- **EXERCISE DIRECTIONS**
Exactly the lines below from the line with "Hundred court Star" through the line with "03/11/2026 - Flower Bouquet" must make up the answer, both ends included and pictures left out.

- **STORED DATA**
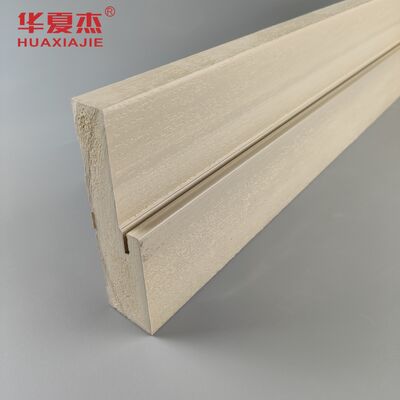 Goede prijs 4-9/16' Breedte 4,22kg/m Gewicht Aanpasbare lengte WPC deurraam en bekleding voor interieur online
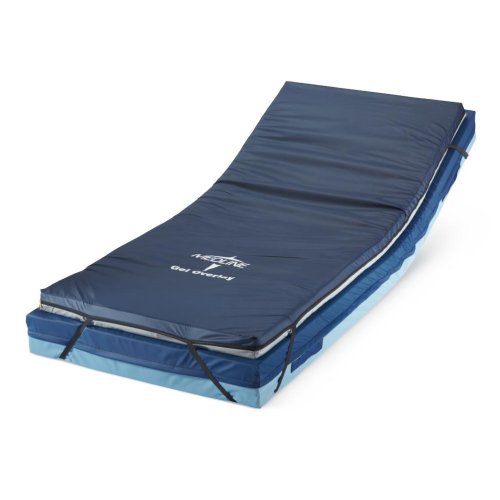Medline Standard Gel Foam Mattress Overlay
* * *
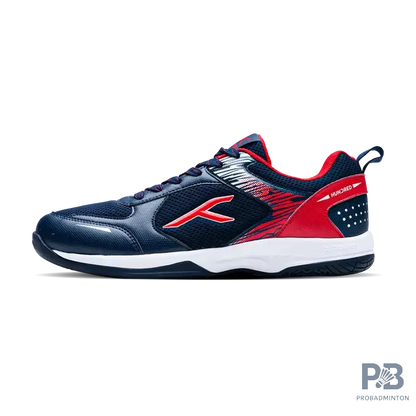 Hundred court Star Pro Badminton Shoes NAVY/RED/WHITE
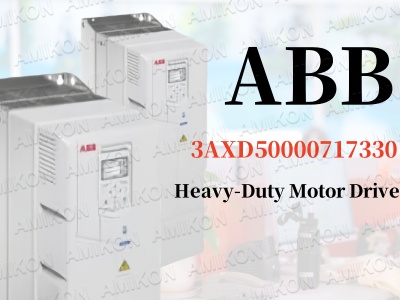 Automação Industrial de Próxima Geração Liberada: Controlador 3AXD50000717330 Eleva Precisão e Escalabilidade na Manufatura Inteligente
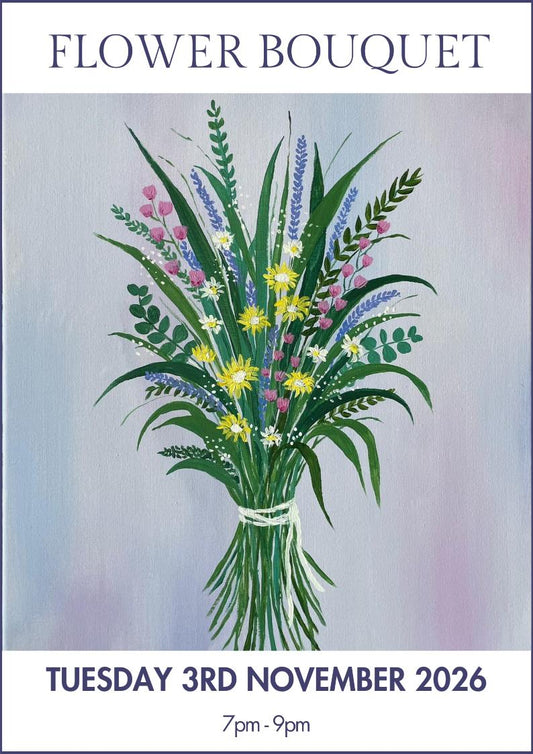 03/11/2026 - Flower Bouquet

- **TASK RESULT**
 Hundred court Star Pro Badminton Shoes NAVY/RED/WHITE
 Automação Industrial de Próxima Geração Liberada: Controlador 3AXD50000717330 Eleva Precisão e Escalabilidade na Manufatura Inteligente
 03/11/2026 - Flower Bouquet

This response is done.